**Task**
A stretch of the entries below is to be set down exactly, running from the line with "Tören ile Kutlandı." through the line with "Volvo V70, 2011 - celkový pohled", both included, and no other line.

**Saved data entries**
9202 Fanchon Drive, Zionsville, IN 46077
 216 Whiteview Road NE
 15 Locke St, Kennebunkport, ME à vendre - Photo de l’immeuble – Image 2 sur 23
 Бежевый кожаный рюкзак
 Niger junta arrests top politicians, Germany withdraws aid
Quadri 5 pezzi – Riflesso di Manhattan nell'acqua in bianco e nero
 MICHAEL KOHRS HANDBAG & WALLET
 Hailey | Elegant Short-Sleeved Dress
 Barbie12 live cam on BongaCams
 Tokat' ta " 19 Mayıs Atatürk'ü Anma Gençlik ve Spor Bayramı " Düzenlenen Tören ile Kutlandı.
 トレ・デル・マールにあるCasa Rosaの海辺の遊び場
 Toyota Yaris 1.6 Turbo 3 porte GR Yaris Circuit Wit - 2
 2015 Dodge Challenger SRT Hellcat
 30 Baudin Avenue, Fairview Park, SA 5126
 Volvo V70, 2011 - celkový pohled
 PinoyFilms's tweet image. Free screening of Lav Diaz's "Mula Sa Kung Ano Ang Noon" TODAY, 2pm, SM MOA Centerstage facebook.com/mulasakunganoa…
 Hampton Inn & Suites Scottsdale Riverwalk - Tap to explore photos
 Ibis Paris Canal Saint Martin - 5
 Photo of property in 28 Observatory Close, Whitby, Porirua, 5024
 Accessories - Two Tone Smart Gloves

**Reply**
 Tokat' ta " 19 Mayıs Atatürk'ü Anma Gençlik ve Spor Bayramı " Düzenlenen Tören ile Kutlandı.
 トレ・デル・マールにあるCasa Rosaの海辺の遊び場
 Toyota Yaris 1.6 Turbo 3 porte GR Yaris Circuit Wit - 2
 2015 Dodge Challenger SRT Hellcat
 30 Baudin Avenue, Fairview Park, SA 5126
 Volvo V70, 2011 - celkový pohled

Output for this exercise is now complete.